Challenge Math Challenge - April 2021

[Not anonymous]

statement one:
Show that all Pythagorean triples $x^2 + y^2 = z^2$ can be found by
$(x, y , z) = (u^2 - v^2, 2uv, u^2 + v^2)$ with $u, v \in \mathbb{N} , u > v$

Sorry again, I am lost. I was able to find a way by which any primitive Pythagorean triple can be expressed as $(u^2 - v^2, 2uv, u^2 + v^2)$ with $u, v \in \mathbb{N}$ and that part of the proof was accepted, but I am unable to understand how and why all non-primitive triples should be expressible the same way. I take the same example of non-primitive Pythagorean triple as in an earlier reply, $(9, 12, 15)$. Since 12 is the only even number in this triple, only it can be expressed as $2uv$ for some natural numbers $u,v$. That leaves 9 to be expressed as $u^2 - v^2$. The possible solutions for $12 = 2uv$ are $(u=1, v=6)$, $(u=2, v=3)$, $(u=3, v=2)$, $(u=6, v=1)$. In none of these solutions do I get $u^2 - v^2 = 9$. In other words, $(9, 12, 15)$ appears to be a counterexample for $(x, y , z) = (u^2 - v^2, 2uv, u^2 + v^2)$. What am I missing?

 

[fresh_42]

Sorry again, I am lost. I was able to find a way by which any primitive Pythagorean triple can be expressed as $(u^2 - v^2, 2uv, u^2 + v^2)$ with $u, v \in \mathbb{N}$ and that part of the proof was accepted, but I am unable to understand how and why all non-primitive triples should be expressible the same way.

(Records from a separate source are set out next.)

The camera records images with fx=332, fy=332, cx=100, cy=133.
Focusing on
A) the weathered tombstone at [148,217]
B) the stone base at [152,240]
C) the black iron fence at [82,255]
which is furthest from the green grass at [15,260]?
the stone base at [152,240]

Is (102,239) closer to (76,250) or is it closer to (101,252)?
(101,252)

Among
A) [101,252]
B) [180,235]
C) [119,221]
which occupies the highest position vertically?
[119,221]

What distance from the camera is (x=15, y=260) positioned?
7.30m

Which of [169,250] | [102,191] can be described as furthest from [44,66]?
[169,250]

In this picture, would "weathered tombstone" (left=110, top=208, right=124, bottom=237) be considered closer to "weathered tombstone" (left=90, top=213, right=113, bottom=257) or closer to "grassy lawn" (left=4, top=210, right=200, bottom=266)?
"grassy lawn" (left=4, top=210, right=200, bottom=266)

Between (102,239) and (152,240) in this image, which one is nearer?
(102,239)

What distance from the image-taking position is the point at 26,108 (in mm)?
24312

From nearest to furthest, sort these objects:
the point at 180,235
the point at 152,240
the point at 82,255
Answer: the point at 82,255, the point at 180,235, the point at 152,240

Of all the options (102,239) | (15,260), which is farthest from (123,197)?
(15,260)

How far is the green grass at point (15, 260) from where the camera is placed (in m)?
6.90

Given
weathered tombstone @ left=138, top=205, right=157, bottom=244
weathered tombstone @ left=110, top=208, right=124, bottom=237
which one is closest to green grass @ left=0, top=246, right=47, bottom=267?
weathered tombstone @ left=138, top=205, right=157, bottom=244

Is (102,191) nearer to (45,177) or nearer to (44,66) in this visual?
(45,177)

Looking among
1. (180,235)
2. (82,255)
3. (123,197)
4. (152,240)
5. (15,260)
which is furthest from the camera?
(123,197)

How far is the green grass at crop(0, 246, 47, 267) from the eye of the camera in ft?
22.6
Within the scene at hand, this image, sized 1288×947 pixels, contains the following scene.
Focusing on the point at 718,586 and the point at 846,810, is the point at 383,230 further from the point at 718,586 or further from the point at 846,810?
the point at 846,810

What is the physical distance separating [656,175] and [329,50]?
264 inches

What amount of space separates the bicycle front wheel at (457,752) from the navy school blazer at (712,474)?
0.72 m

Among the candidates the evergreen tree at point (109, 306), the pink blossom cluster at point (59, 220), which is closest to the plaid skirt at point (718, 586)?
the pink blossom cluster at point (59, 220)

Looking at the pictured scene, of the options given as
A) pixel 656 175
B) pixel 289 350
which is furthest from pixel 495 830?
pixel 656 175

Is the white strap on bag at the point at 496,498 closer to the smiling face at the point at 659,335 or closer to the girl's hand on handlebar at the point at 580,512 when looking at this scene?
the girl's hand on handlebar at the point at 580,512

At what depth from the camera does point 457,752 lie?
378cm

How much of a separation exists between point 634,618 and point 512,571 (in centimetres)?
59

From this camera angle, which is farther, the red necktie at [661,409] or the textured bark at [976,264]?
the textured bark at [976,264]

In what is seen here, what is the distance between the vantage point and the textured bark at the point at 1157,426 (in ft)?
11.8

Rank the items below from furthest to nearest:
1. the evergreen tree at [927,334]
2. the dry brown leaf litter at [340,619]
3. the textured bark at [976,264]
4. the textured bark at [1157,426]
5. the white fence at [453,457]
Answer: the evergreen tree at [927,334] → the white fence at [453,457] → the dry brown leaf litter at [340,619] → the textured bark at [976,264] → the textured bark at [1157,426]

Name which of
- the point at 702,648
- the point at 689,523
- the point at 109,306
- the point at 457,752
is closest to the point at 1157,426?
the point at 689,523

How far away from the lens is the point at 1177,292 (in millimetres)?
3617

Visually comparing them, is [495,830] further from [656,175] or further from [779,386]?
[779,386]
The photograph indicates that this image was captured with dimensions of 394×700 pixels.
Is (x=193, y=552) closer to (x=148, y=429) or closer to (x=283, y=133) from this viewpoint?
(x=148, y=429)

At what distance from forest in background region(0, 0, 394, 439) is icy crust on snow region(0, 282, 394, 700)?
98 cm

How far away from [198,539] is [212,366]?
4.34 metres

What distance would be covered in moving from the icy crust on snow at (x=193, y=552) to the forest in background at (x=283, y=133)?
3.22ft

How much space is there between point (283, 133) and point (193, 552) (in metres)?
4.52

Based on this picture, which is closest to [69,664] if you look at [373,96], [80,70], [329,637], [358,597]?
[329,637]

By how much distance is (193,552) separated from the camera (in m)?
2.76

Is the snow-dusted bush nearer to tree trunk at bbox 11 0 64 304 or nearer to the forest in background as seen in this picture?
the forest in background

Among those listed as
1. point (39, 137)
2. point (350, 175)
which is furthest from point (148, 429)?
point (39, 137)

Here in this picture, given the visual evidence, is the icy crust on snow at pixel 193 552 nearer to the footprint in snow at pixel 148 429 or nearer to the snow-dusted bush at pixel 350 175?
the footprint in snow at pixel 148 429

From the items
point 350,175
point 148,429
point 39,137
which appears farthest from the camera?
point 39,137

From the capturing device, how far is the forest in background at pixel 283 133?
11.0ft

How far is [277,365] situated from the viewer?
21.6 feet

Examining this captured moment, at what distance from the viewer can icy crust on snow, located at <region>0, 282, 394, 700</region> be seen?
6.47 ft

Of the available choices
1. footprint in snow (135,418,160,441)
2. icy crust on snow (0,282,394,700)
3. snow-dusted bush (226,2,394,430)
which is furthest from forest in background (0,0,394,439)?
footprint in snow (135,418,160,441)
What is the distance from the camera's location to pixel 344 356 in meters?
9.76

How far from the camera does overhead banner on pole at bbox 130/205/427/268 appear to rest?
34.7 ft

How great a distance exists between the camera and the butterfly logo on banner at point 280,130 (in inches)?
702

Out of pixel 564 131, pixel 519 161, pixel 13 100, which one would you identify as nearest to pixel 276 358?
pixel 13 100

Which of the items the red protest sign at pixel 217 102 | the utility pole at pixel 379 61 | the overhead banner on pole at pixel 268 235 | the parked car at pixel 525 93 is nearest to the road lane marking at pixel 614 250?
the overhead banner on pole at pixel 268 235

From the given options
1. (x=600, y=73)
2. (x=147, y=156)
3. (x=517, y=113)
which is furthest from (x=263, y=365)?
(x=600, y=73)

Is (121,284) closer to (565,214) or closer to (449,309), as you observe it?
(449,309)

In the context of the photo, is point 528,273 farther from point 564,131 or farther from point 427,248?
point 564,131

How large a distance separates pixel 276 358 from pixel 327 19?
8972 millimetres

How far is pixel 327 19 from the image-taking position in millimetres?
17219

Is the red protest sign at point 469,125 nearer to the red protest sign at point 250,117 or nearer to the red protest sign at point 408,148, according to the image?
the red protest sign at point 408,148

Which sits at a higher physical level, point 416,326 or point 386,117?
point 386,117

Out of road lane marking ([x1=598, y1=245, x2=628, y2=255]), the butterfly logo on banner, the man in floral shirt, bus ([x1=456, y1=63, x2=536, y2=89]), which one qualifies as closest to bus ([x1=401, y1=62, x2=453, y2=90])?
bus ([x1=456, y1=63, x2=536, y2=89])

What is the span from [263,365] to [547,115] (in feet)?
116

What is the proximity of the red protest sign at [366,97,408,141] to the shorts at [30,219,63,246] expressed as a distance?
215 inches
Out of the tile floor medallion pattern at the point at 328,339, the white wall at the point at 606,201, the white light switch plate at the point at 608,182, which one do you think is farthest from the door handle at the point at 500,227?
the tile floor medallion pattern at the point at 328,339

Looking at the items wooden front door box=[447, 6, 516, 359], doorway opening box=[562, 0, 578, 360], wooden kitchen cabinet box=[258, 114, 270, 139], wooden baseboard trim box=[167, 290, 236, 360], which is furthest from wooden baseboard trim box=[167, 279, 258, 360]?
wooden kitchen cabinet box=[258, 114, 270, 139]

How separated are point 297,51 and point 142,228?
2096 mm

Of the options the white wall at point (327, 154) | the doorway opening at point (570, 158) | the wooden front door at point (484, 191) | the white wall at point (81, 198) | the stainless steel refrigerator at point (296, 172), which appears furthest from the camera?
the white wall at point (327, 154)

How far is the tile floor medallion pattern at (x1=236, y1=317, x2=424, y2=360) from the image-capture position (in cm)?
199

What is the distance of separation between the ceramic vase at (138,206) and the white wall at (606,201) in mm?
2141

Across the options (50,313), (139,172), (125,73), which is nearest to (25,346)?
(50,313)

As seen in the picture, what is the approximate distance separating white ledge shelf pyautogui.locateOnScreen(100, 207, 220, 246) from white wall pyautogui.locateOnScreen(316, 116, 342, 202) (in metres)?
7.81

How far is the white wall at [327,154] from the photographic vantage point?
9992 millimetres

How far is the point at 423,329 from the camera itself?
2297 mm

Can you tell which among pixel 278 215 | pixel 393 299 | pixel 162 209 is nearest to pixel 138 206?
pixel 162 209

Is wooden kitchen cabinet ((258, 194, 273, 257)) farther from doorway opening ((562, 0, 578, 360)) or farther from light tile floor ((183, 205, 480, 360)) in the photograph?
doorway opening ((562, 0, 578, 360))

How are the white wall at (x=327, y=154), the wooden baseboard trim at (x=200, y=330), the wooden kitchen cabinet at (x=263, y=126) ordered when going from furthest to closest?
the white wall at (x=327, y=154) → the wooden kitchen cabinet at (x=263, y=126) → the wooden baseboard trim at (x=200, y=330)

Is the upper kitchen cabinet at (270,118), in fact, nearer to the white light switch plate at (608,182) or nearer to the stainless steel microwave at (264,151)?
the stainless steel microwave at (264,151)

I take the same example of non-primitive Pythagorean triple as in an earlier reply, $(9, 12, 15)$. Since 12 is the only even number in this triple, only it can be expressed as $2uv$ for some natural numbers $u,v$. That leaves 9 to be expressed as $u^2 - v^2$. The possible solutions for $12 = 2uv$ are $(u=1, v=6)$, $(u=2, v=3)$, $(u=3, v=2)$, $(u=6, v=1)$. In none of these solutions do I get $u^2 - v^2 = 9$. In other words, $(9, 12, 15)$ appears to be a counterexample for $(x, y , z) = (u^2 - v^2, 2uv, u^2 + v^2)$. What am I missing?

You are right. I made a mistake (sloppy translation). It should have been ... of the form $d\cdot (u^2-v^2,2uv,u^2+v^2)$ ...

I apologize for that negligence, @Not anonymous.

 

[Not anonymous]

I apologize for that negligence, @Not anonymous.

No problem (problem ≠ math problem in this context ). Thanks to you as always for promptly reviewing my answers and patiently explaining what I may have missed or got wrong.